I have spent the last eleven years fighting ageism generally, and ageism in the workplace specifically. To suddenly have ‘over 50s’ divided from the rest of the population seems incredibly ageist and takes us many steps backwards …and in terms of getting the economy moving the numbers don’t add up either.
More than 25 million in the UK are over 50
More than 25 million of the UK population are over 50, 10 million are still in employment. We represent 37% of the overall population but nearly half of the adult population. The over 50s hold 80% of the UKs wealth and their spending power has been increasing year on year. To consider placing us effectively under house arrest would be a disaster on many levels.

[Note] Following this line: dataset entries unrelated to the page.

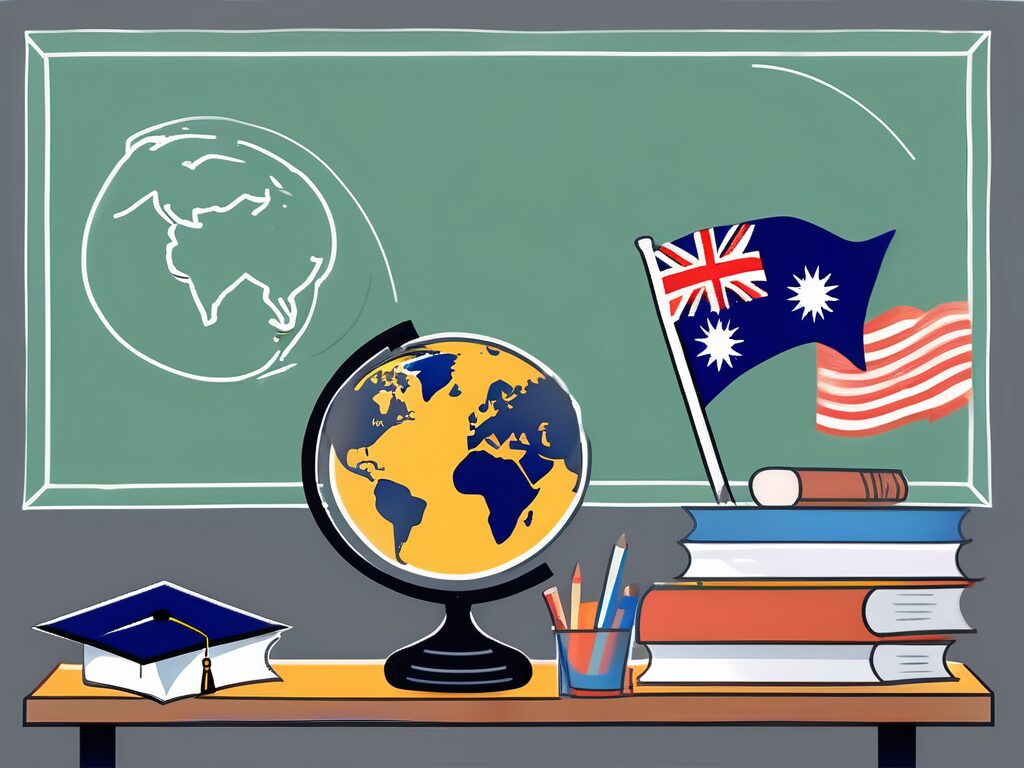 A classroom setting with a globe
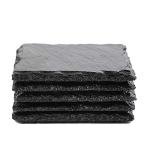 Slate Stone Coasters - Set of 5 Square Black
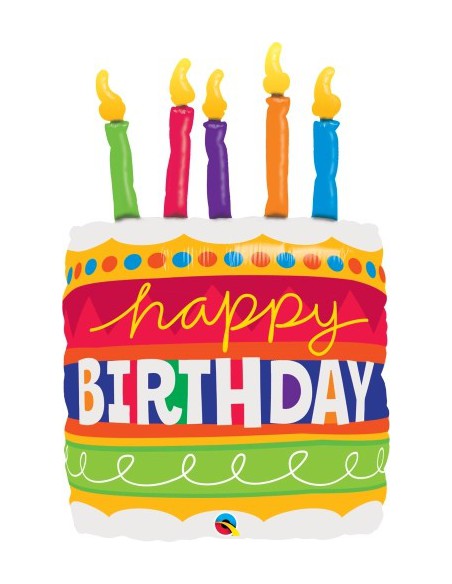 Balão FOIL HAPPY BIRTHDAY BOLO COM VELAS 89cm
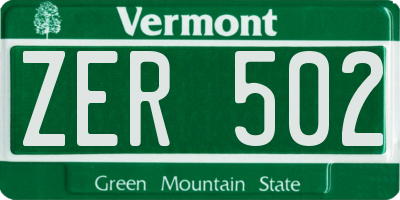 VT license plate ZER502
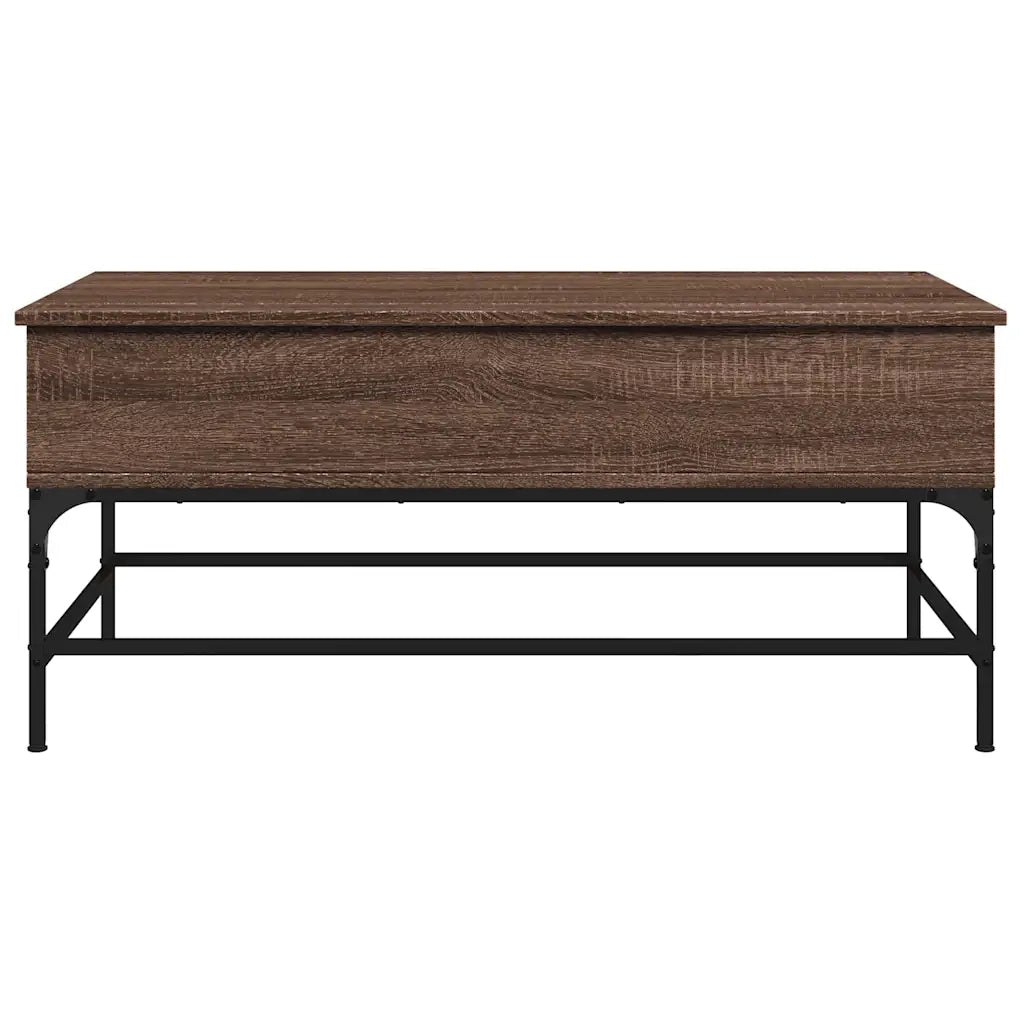 Tavolino Rovere Marrone 100x50x45cm Legno Multistrato e Metallo 845400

And if the headlines regarding this are based on erroneous information, then it is totally irresponsible journalism. It is divisive, increases ageism, and potentially feeds bias both conscious and unconscious in the workplace. In what is becoming an increasingly competitive job market, we do not want to provide employers with a reason to legitimately discriminate against job seekers over 50.
The over 50s are vital to this country’s overall dynamic and economy. At 50 most are not even halfway through their adult life – and with the increase in state pension age still have perhaps 40% of their working lives ahead of them.
We all know that the virus needs to be contained, but there are so many other tools available, not least enforcing existing social distancing rules ( which individuals of all generations appear to be ignoring). If large numbers congregate in pubs without observing social distancing rules surely an easy answer would to be to remove the venue’s license for not enforcing them. It would certainly provide pub landlords with an incentive to restrict numbers and enforce distancing. It might not be popular but close the busy beaches or at least manage numbers – according to friends in France they are periodically closing beaches to the public to limit numbers there.
Stress individual accountability for everyone – we can all play our part. We may not enjoy having restrictions on our personal freedom, but surely it is better that we all support an element of compromise in our daily lives to at least enjoy some level of social – and also economic- interaction.
Every negative age related headline (even if based on false information) is damaging.
We have to stand up and stress the value the over 50s bring – on all levels.